Love Chicks made for each other.

User Rating: 7.8 | Helix: Fear Effect PS
Now let us consider a piece of junk, if I may borrow a line from an old piece of film criticism. The junk in this case is not The Night Porter, though, it's the Resident Evil control scheme, which is now surviving into a second hardware generation, as well as a second Fear Effect, and not showing signs of sucking any less. I wonder whether Shinji Mikami, or whoever it is that came up with the idea, knew exactly what he was unleashing when he conceived of this scheme several years ago. Probably he thought it was just a stopgap, something to make do with until designers got a better handle on how to deal with a 3D environment. If only.

That's what Fear Effect 2 defaults to, although if you dig very deep in the options menu you can switch from "Classic" to "3D" controls, which swaps you over to something approximating Metal Gear-style control. This improves the situation a little, but you can tell it's an adaptation of the default controls rather than something entirely new -- the characters still turn in slow arcs and pivot on an invisible rod lodged through their spine.

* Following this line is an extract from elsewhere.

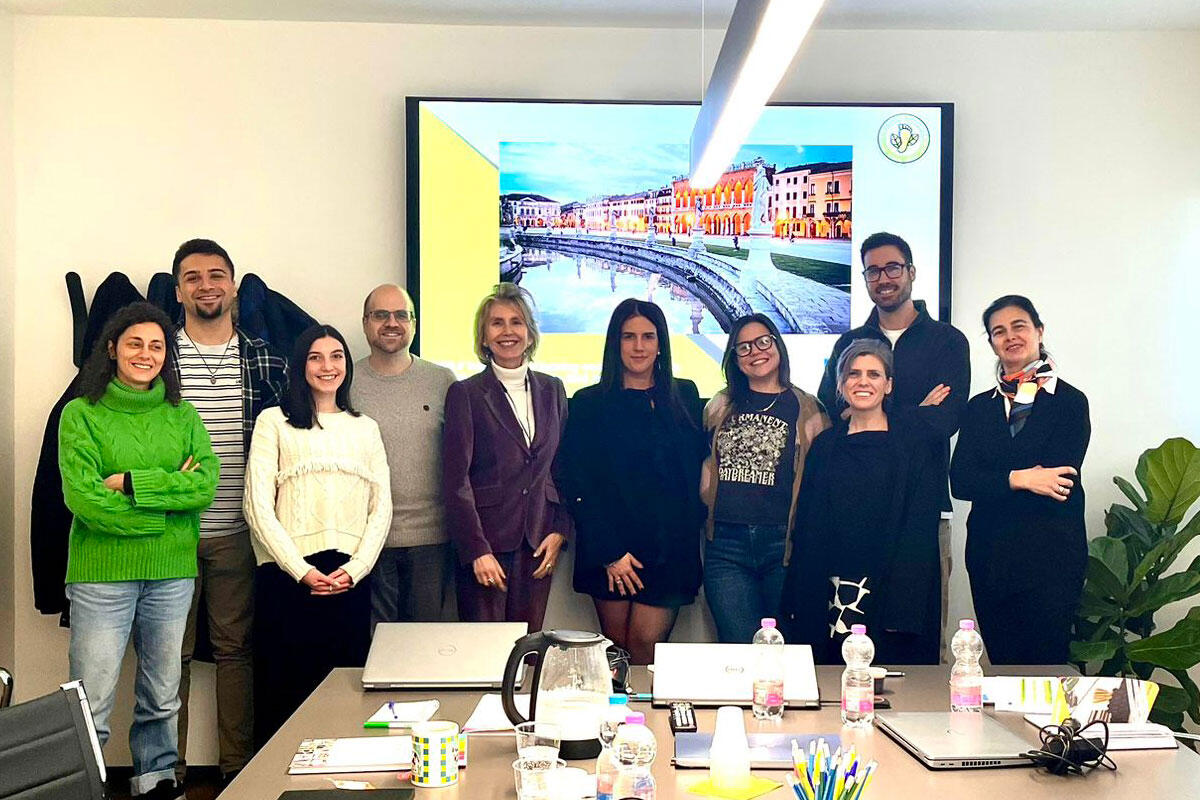 progetto-europeo-greenwashing-foto-gruppo-di-lavoro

This makes for the usual spots of clumsiness. The automatic turn-around and auto-aim work reasonably well, but you'll still die plenty of times thanks to the vagaries of the control scheme, auto-aim, camera, and enemy placement (my favorite part is in the hedge maze on disc 2, where you can be killed by invisible enemies located around turns) until you realize that repeated diving rolls can spirit you past a great many threats with ease. Perhaps this is intentional, something like the Heart of Darkness/Out of this World puzzle-solving-through-repeated-death concept. Thankfully, the save points are a little more frequent in the sequel.